● DATASET ENTRIES
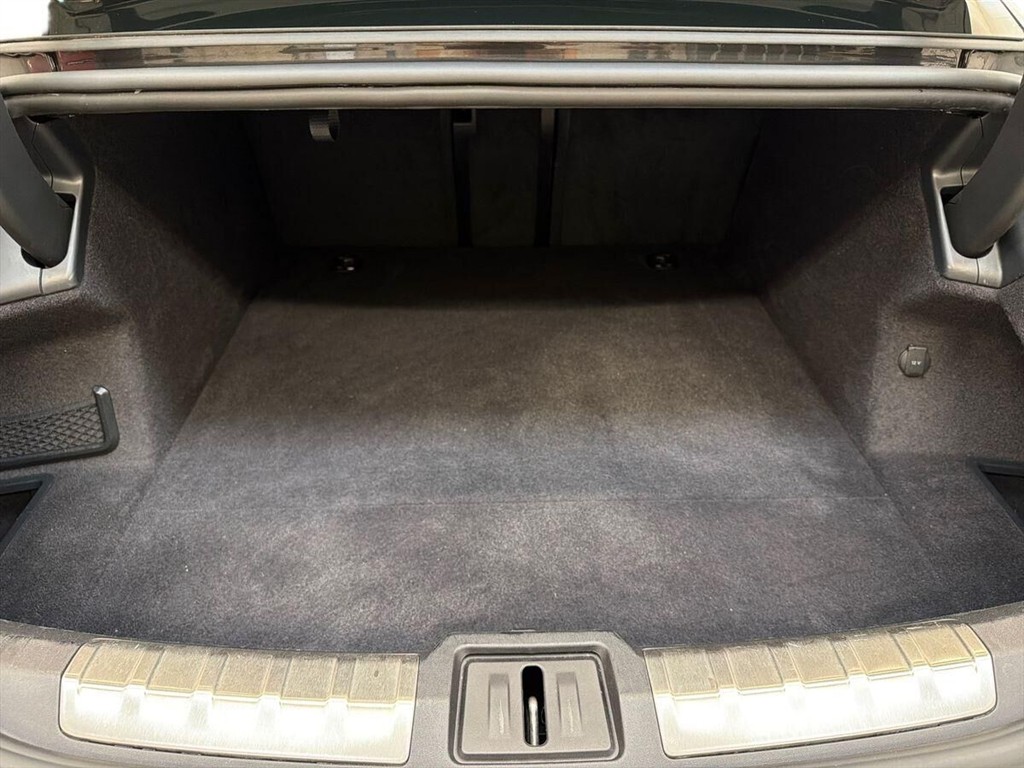 Porsche Taycan 4S EL 4x4 435HK 4d Aut. - Image 13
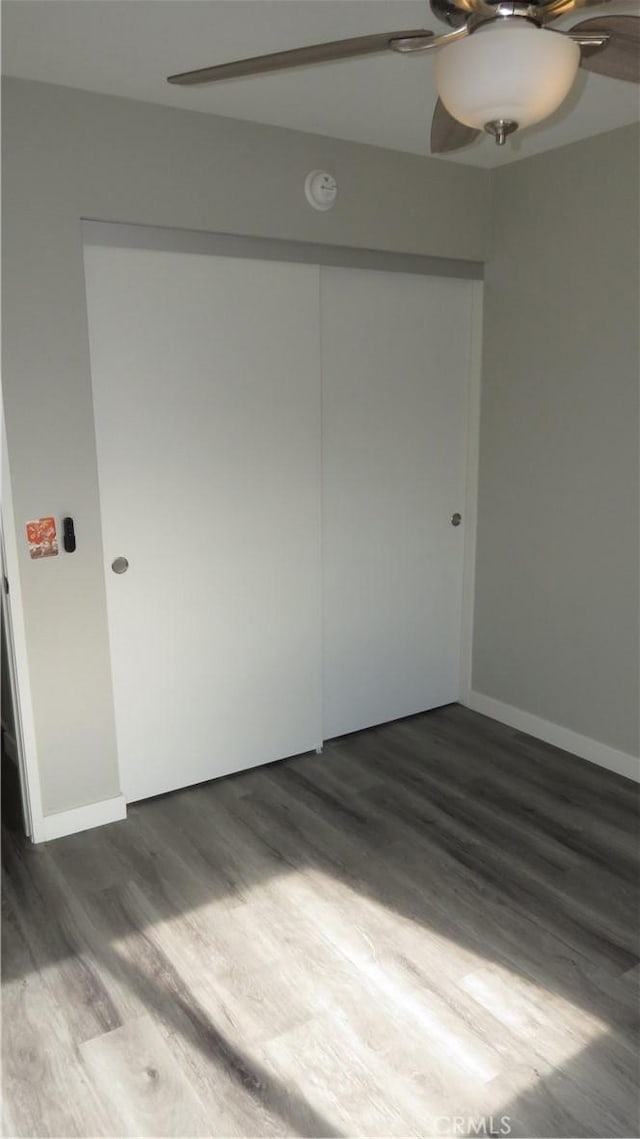 unfurnished room with dark hardwood / wood-style floors and ceiling fan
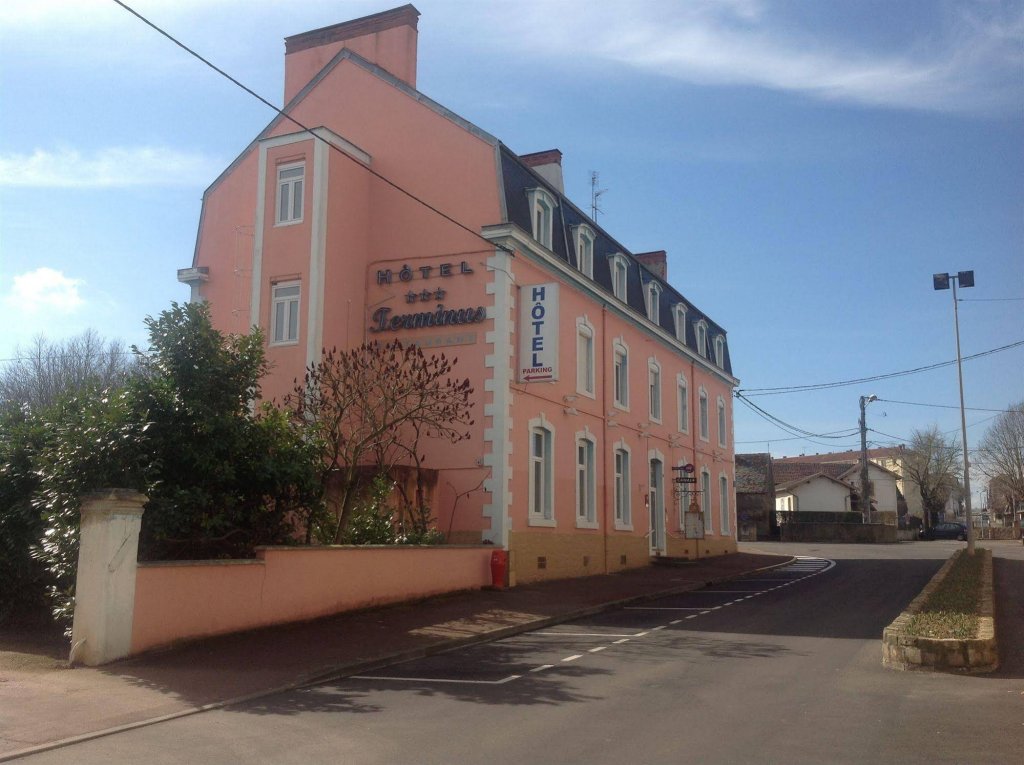 Фото отеля 1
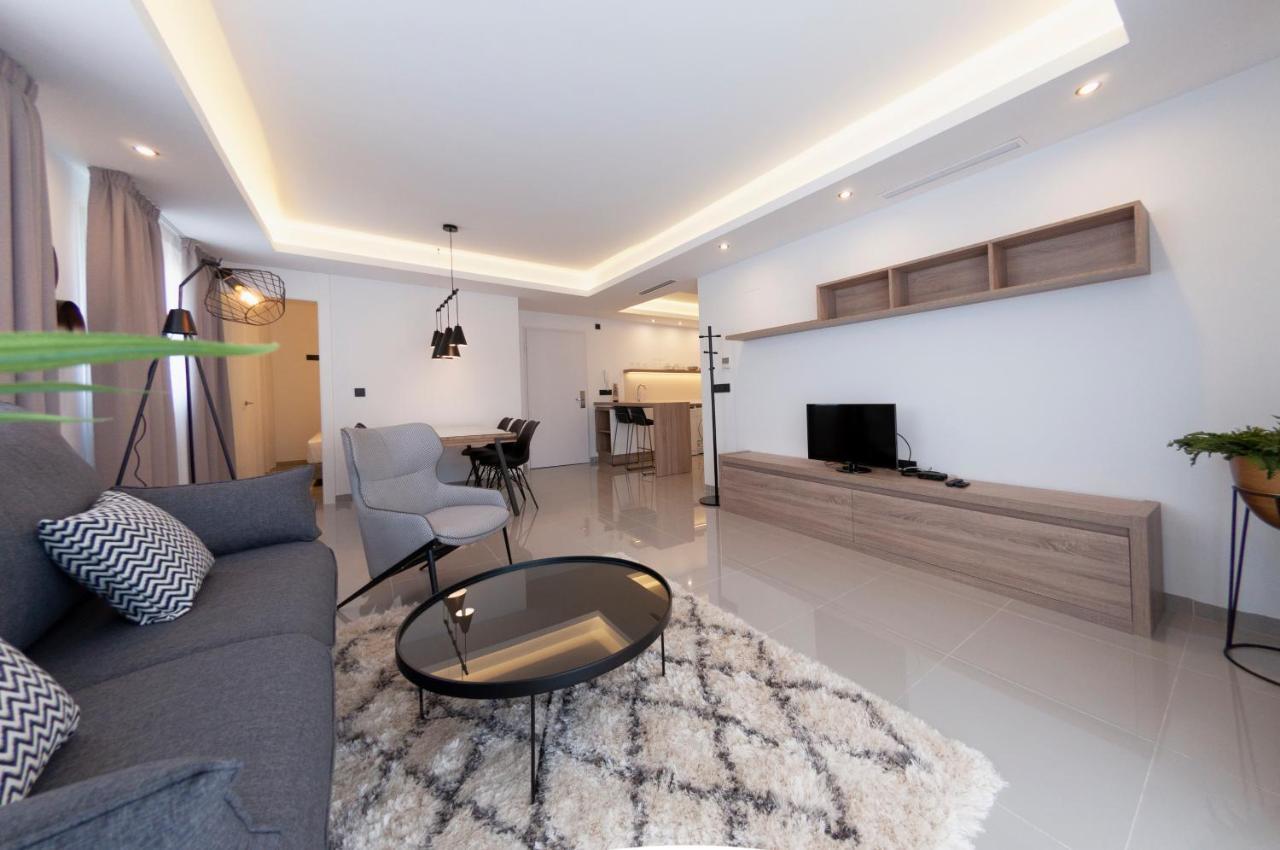 Apartamentos La Laguna I Luxury Apartments Guardamar del Segura Exterior photo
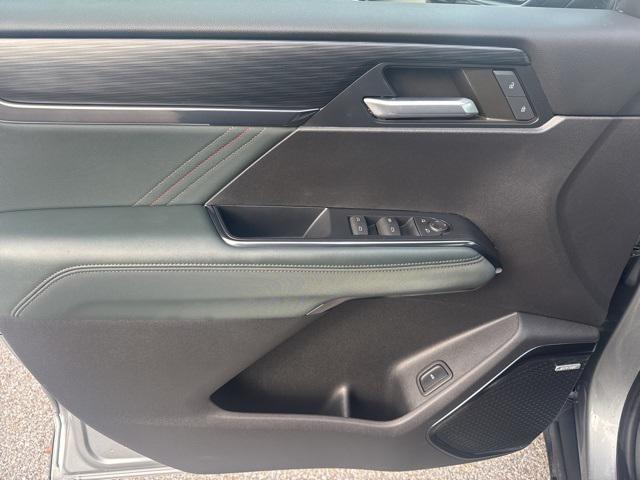 used 2024 GMC Acadia car, priced at $42,999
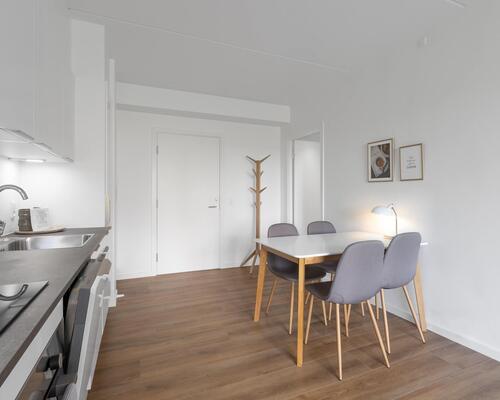 Denne nyopførte toværelses lejebolig i Horsens er skabt til parret eller singlen, der værdsætter rummelighed og moderne design. Til boligen hører eget skur. Obs: denne bolig er spejlvendt ift. plantegning.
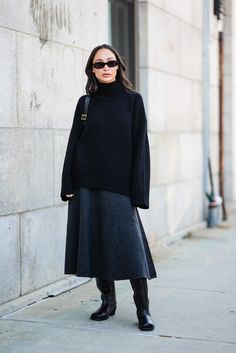 Black Skirt Outfit Ideas, Black Skirt Outfit, Black Skirt Outfits, Black Skirts, Black Jeans Outfit, 2025 Fashion, Pant Trends, Outfit Formulas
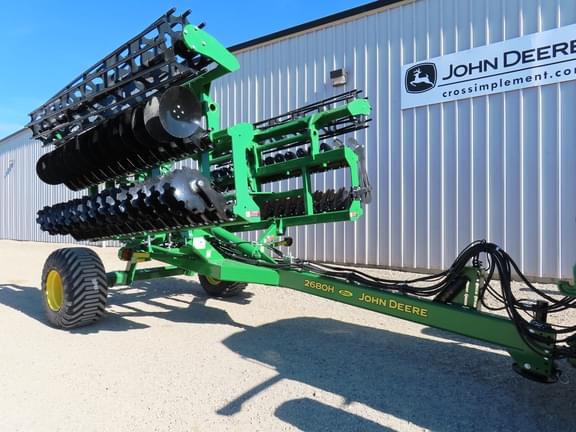 Image of John Deere 2680H equipment image 1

● GOAL OF THE EXERCISE
Skip the pictures, then write out every entry exactly.

● TASK SOLUTION
 Porsche Taycan 4S EL 4x4 435HK 4d Aut. - Image 13
 unfurnished room with dark hardwood / wood-style floors and ceiling fan
 Фото отеля 1
 Apartamentos La Laguna I Luxury Apartments Guardamar del Segura Exterior photo
 used 2024 GMC Acadia car, priced at $42,999
 Denne nyopførte toværelses lejebolig i Horsens er skabt til parret eller singlen, der værdsætter rummelighed og moderne design. Til boligen hører eget skur. Obs: denne bolig er spejlvendt ift. plantegning.
 Black Skirt Outfit Ideas, Black Skirt Outfit, Black Skirt Outfits, Black Skirts, Black Jeans Outfit, 2025 Fashion, Pant Trends, Outfit Formulas
 Image of John Deere 2680H equipment image 1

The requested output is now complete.